Zur menschengerechten und naturverträglichen Zukunft brauchen wir tragfähige Konzepte. In praktischen Projekten ist ihre Tragtüchtigkeit zu prüfen. Dann sind sie durch politische Entscheidungen allgemein zu verankern.
Alle Schotten dicht
Zerfällt Europa? Fällt Deutschland in die Kleinstaaterei früherer Jahrhunderte zurück? Die Pandemie fördert Grenzschließungen und bislang unwesentliche Grenzziehungen zwischen Bundesländern. Scheitert Europa am Föderalismus, weil die Einzelstaaten ihre Schotten dicht machen?

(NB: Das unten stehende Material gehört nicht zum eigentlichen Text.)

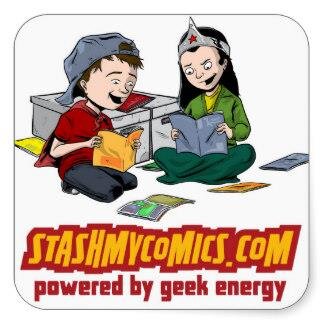 StashMyComics.com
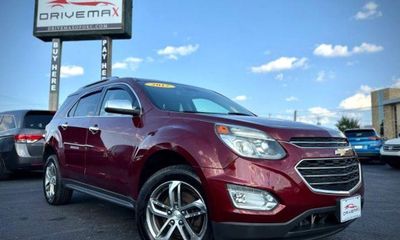 2017 Chevrolet Equinox Premier
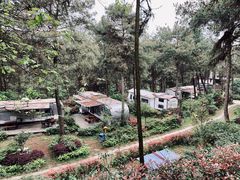 -客乐得玉峰山房车营地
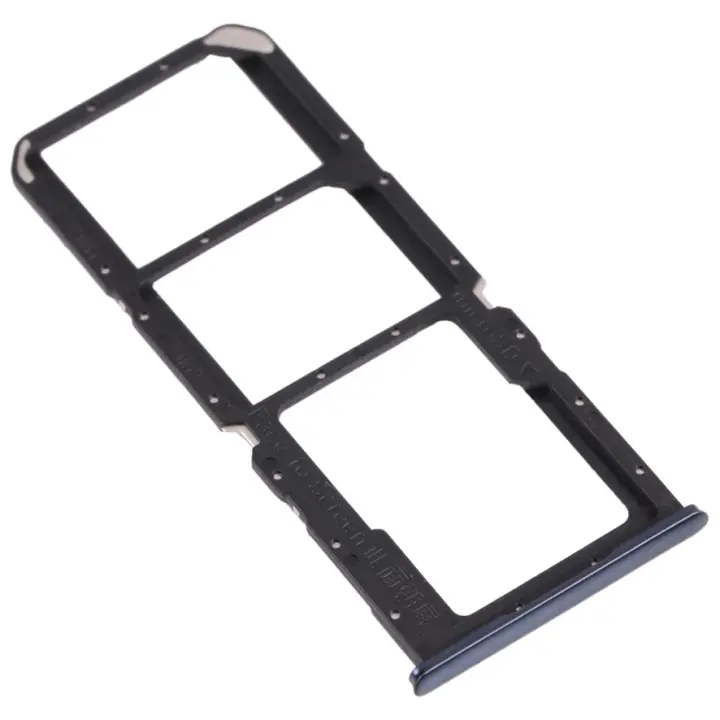 Bandeja SIM compatible para Oppo A74 4G negro prisma negra lateral tarjeta (IMATICA LOS PALACIOS) - 1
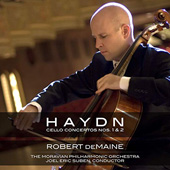 JOSEPH HAYDN - Cello Concertos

Ist es nicht eher ein gesundes Zeichen, dass es noch Schotten gibt, die sich bei Gefahr schließen lassen? Schlägt ein Schiff Leck, sichern geschlossene Schotten vor dem Untergang, weil die Schadstelle abgeschottet werden kann. Brandschutztüren gehören zur Sicherheitsstruktur größerer Gebäude, damit eventuelle Brandherde nicht ungehindert auf das ganze Haus übergreifen können. Eierkartons oder Flaschenkästen sind nicht nur gute Transportmittel, sie schützen die Waren auch vor unsachgemäßen Transport.

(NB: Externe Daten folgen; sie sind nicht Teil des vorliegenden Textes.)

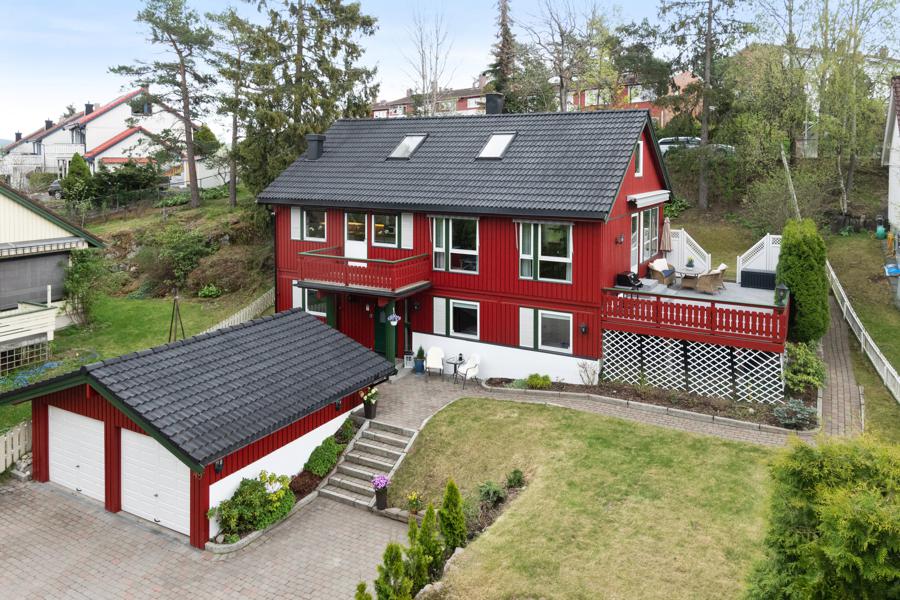 Velkommen til Trygve Nilsens vei 49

Wer die Schotten dicht macht, sichert die Gesamtheit vor der Schadensausbreitung. Kluge Kapitäne lockern die Schotten erst, wenn und soweit das Leck abgedichtet ist. Allerdings haben sie einen Vorteil gegenüber heutigen Politikern in der Pandemie: das eindringende Wasser ist sichtbar, spürbar und macht sofort nasse Füße. Das Virus, das unserer Gesellschaft ein Leck geschlagen hat, ist zwar totgefährlich, doch unsichtbar. Da steigt die Ungeduld der Passagiere und so mancher ruft zur Meuterei auf der Titanic auf.
Selbst wenn sich unter dem Druck der „Meuterer“ einzelne Politiker in den Wettbewerb um den Preis des coolsten Landesvaters begeben, sie belegen damit die Qualität dezentraler Systeme. Organisationen, auch Staatswesen sind stabiler und resilient, strukturieren sie sich dezentral, angepasst an den jeweiligen Lebensraum der Menschen. Kooperationen und Koordination zwischen den Einheiten fördern und stärken das Gesamtsystem. Subsidiarität ist der Begriff, der dafür in den Lehrbüchern steht.
Leben in Koexistenz mit Corona
Gegen ein Virus und die dadurch ausgelöste Epidemie oder gar Pandemie sind Wut und Empörung sinnlos. Da mag sich mancher über mangelndes oder überzogenes Krisenmanagement empören. Auch die Konsequenzen eines sinnvollen und effizienten Krisenmanagements mögen persönlichen Unmut bewirken. Wer mag schon gern auf unbestimmte Zeit zu Hausarrest, Ausgangssperre, Versammlungsverbot und Homeoffice verpflichtet werden?
Die aktuellen Einschränkungen gehen nicht nur aufs persönliche Gemüt, sie beeinträchtigen lieb gewordene, bei Dauer auch notwendige Versorgungsketten und analoge soziale Netze. Private Feiern, Besuche bei Freunden, Besuche von Theater und Kino, Besprechungen mit Kollegen entfallen oder werden in die virtuelle Welt des Internet verlagert.